En un tiempo en el que las reseñas negativas y con saña se han impuesto con normalidad por el universo digital, alejadas de la exposición de un pensamiento absolutamente subjetivo sobre un tema expuesto con respeto (no olvidemos que estamos en un país donde es posible leer entre líneas opiniones gratuitas del tipo: «Este libro es una porquería, no sé por qué no publicaron el mío»), es frecuente que ni siquiera se repare en que, si se realizan las críticas sobre las formas de una obra traducida, ya sea sobre su léxico, la utilización de sus adjetivos o la estructura de sus oraciones, entre otras muchas cosas, difícilmente podremos juzgarla por completo en ese aspecto sin tener en cuenta la traducción, a menos que hayamos leído la obra original. ¿Hasta qué punto tenemos la seguridad sino de que la persona que la ha traducido no ha contribuido a eso que estamos percibiendo?

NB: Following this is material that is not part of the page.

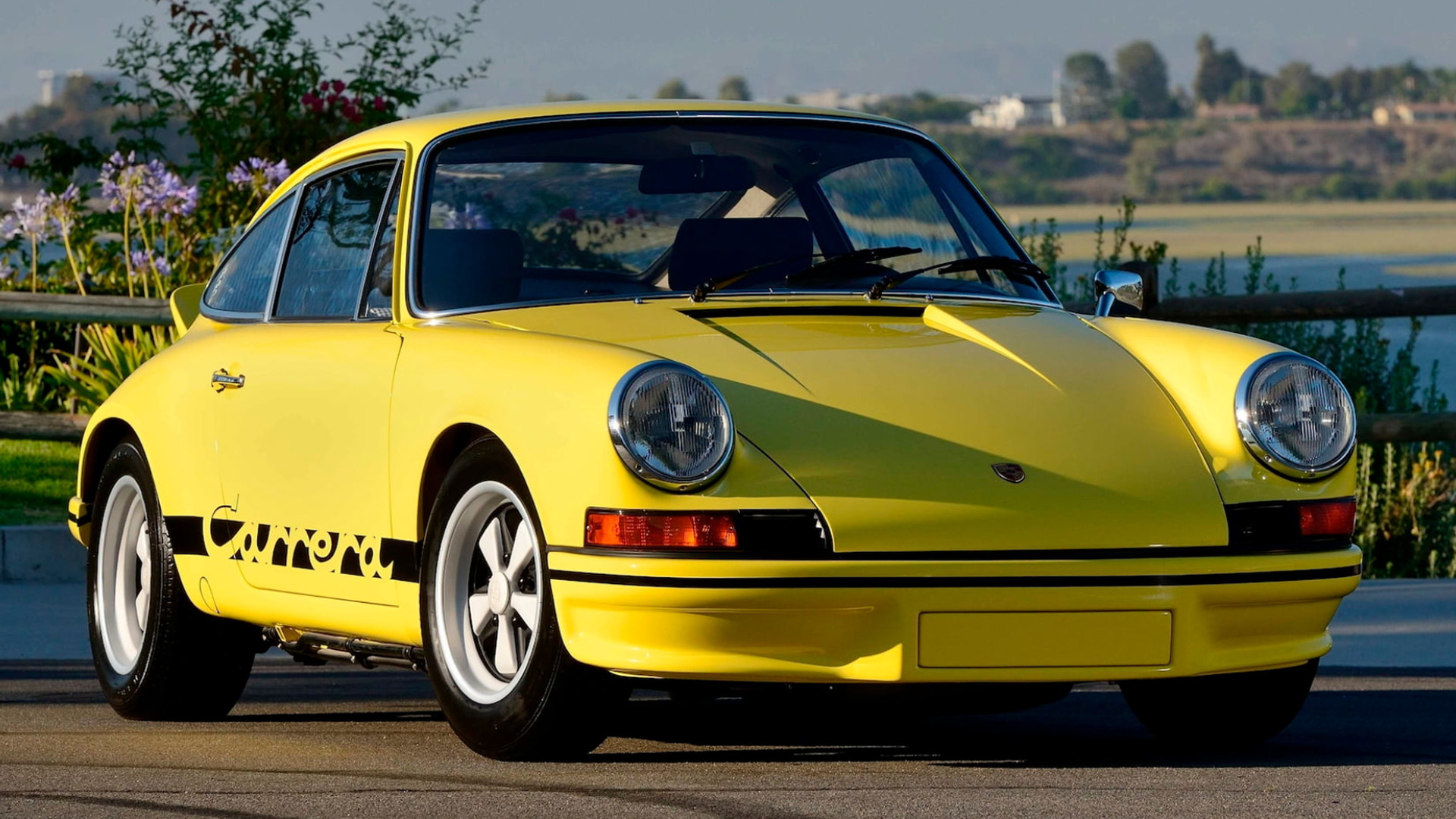 1973 Porsche 911 Carrera RS 2.7 once owned by Paul Walker - Photo credit: Mecum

Como autor, uno espera que quien tiene el poder de posibilitar que otros lectores le lean respete todas y cada una de las palabras elegidas, siempre que sea posible, con el mismo amor y esmero con el que uno lo ha hecho. Porque las palabras son nuestra herramienta, y cuando uno decide usar «solitud», en vez de «soledad», lo hace por algún motivo, por algún matiz en la acepción que le ha conducido a ello, o cuando uno utiliza una expresión en desuso está marcando, consciente o inconscientemente, su estilo. Hay traductores que respetarán eso y transmitirán todos esos matices en diversas lenguas, pero habrá otros que se tomarán unas libertades que en absoluto les pertenecen, convirtiendo la obra en otra cosa que lo que realmente es.

Así pues, por más que nos encontremos en el siglo XXI, sigue siendo necesario alabar la labor de traductores, editores y correctores, aunque de estos últimos hablaremos otro día, porque los lectores nunca agradeceremos lo suficiente toda esa tarea bien hecha que nos pone en las manos uno de los mayores tesoros: un libro.